Click on my name then read all the main thread posts I have made. I specifically post a significant amount of case law and information regarding "mobility" matters.

What you are discussing is a "mobility" matter.

You need to do a lot of reading:

Start with this google search:

https://www.google.ca/webhp?sourceid...lity+ontario&*

Quote:
Originally Posted by ifeelold View Post
Recently been approached by my ex that they want to move approximately 5hrs away with the kids.
This is what is called a "mobility matter". These are the most complex matters in family law.

To quote one very wise judge about mobility matters:

Quote:
[1] There is no other area of family law litigation in which the idea of “winner” and “loser” is less applicable than that of mobility cases. It is also true, that even with the very best parents, it is the area where “win-win” solutions can rarely, if ever, be fashioned.

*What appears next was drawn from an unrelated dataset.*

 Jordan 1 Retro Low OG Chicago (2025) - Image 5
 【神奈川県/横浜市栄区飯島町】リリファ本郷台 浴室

Parents involved in a mobility dispute often have to resort to the courts, because even with the best of intentions, and with both parties doing their best to put their child’s interest before their own, they cannot find a solution to the desire of one parent to move with the child, and the other parent vehemently resisting that move.

Source: Van Rassel v. Van Rassel, 2008 CanLII 37217 (ON SC), par. 1, CanLII - 2008 CanLII 37217 (ON SC)
Quote:
Originally Posted by ifeelold View Post
Of course, I oppose this as I have a steady job where I am and have no issue staying where I am now.
How long have the children resided in their current "habitual residential location / jurisdiction"? How old are the children? What is your access schedule with the children?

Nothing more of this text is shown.